Strolling back to his desk, he makes a pretense of reviewing his papers while really he’s leering at a couple making out in the back of the class. From my vantage point in the front, I follow his gaze to where the guy’s got his hands on his girlfriend’s ass as she perches on the edge of his desk. Mr. Creepy’s getting off on it.
Suddenly, his eyes shift to me and I get caught watching. Flushing with excitement, he continues to pointedly hold my gaze as his halo coils around him like a snake. He wants me to know that he saw me. Unfortunately, I do.
Feigning a look of shock, Mr. Creepy clears his throat then frowns at the couple disapprovingly. “Let’s begin,” he says. Although speaking to the entire class, his eyes dart to mine secretively before sliding away. Then directed to the girl-half of the couple he orders, “Please take your seat, Miss Bennett.”
He spends the entire lecture seated, lounging behind his desk. His relaxed posture, like every gesture and every question, is calculated. Whenever he looks in my direction his eyes make me feel dirty—like he’s projecting pornographic thoughts.

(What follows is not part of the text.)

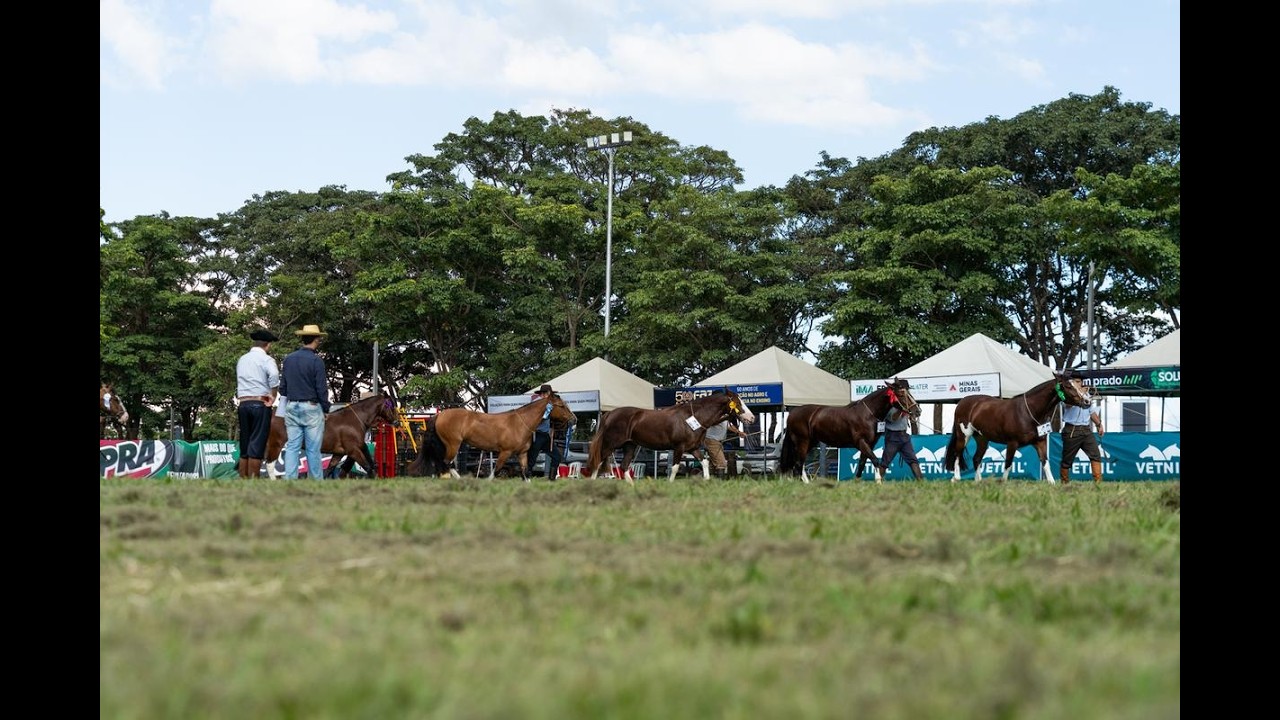 GRANDE CAMPEONATO CAVALO CRIOULO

Five minutes before the end of class his eyes turn feverish and he dismisses us early. I try to get the heck out of there but get stuck behind a couple of slow kids, one of the last ones to exit. Waiting anxiously for my turn to leave, I try to ignore my glassy-eyed teacher and his x-rated thoughts pummeling me from across the room as I make my escape.
I wonder why none of the other students seem to notice something’s amiss. Maybe on top of everything else, I’m beginning to hallucinate. Then I realize they can’t see his halo, which undulates about him in stilted, jerky motions. In my peripheral vision I see him lick his nonexistent lips. He smirks, knowing he has my undivided attention. His dark halo continues to thrust.
I have to get the hell out!
Stumbling out the door, I bump into Jonah. His halo’s darkened again into charcoal, but it doesn’t bother me at this particular moment. His pale eyes, however, are unnerving as he regards me uncomfortably, with something that could pass for sympathy. “Fuckin’ teachers,” he mumbles before ducking his head and shuffling away.